Diana Trask singles chronology
| "When I Get My Hands on You" (1973) | "Lean It All on Me" (1974) | "(If You Wanna Hold on) Hold on to Your Man" (1974) |

= Lean It All on Me =

"Lean It All on Me" is a song written by Josh Whitmore that was originally recorded by Australian singer Diana Trask. Released as a single, it reached the top 20 on the US and Canadian country charts. It also crossed over onto the US Bubbling Under Hot 100 chart. It was included on an album of the same name. "Lean It All on Me" was Trask's highest-charting US country single in her career and was given positive reviews from music publications following its release.

==Background, recording and content==
Diana Trask left Australia in 1958 and launched her career as a pop singer at Columbia Records where she recorded two albums.
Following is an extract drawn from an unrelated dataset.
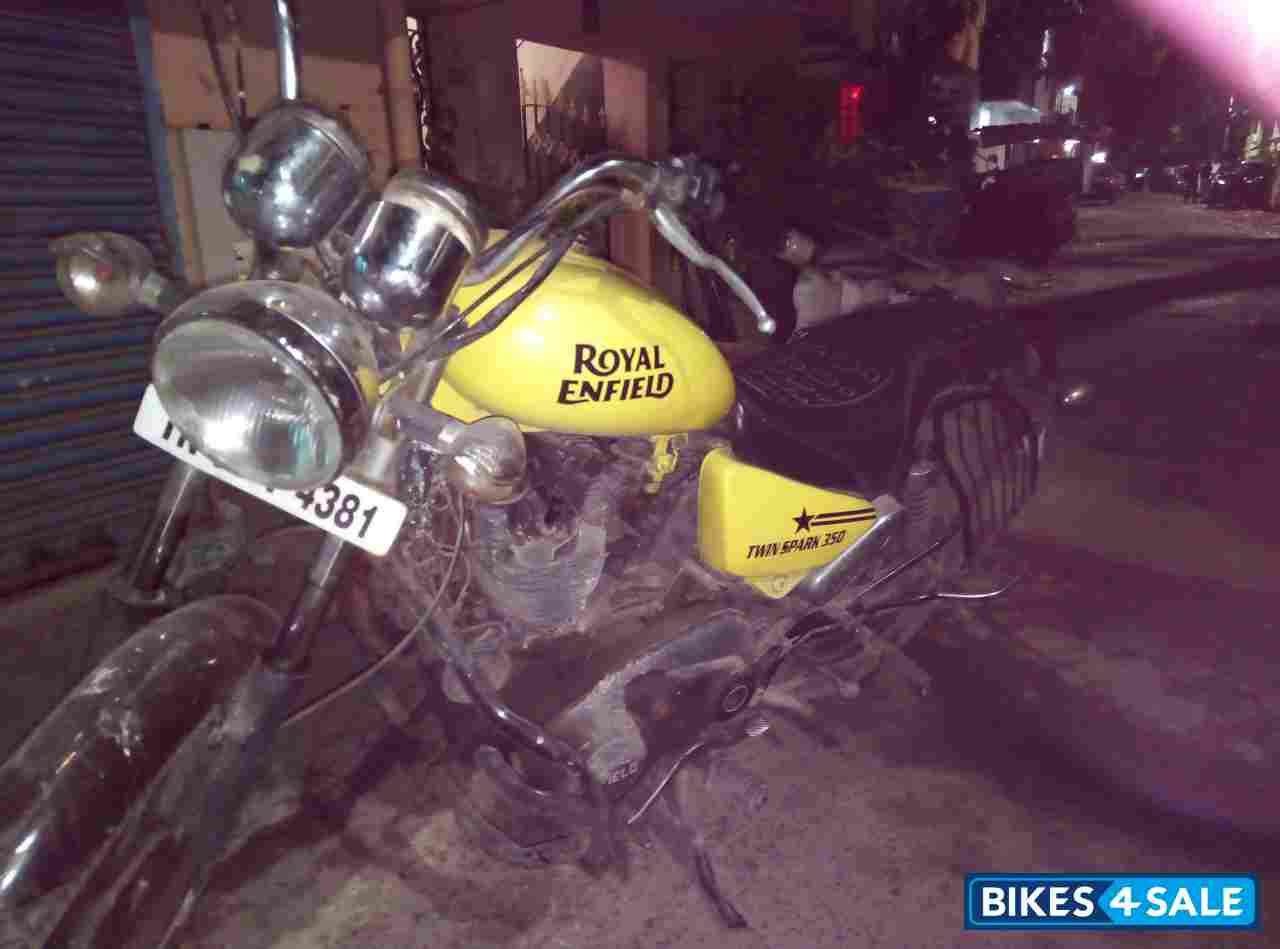 Yellow Royal Enfield Thunderbird TwinSpark 350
She then returned to Australia and returned to the US in search of a new musical style. She ultimately chose country music after finding appreciation for its music community. Although her first country singles were issued in 1968, it was not until the early seventies that she reached her peak commercial success. Among her highest-charting songs was the crossover single "Lean It All on Me". The song was described by writers Mary A. Bufwack and Robert K. Oermann as being about "womanhood". It was written by Josh Whitmore and produced by Norris Wilson. According to Trask, Whitmore was a "total unknown" who "walked in off the street" with his song and brought it to her. She also credited Norro Wilson for helping to reach her peach commercial success.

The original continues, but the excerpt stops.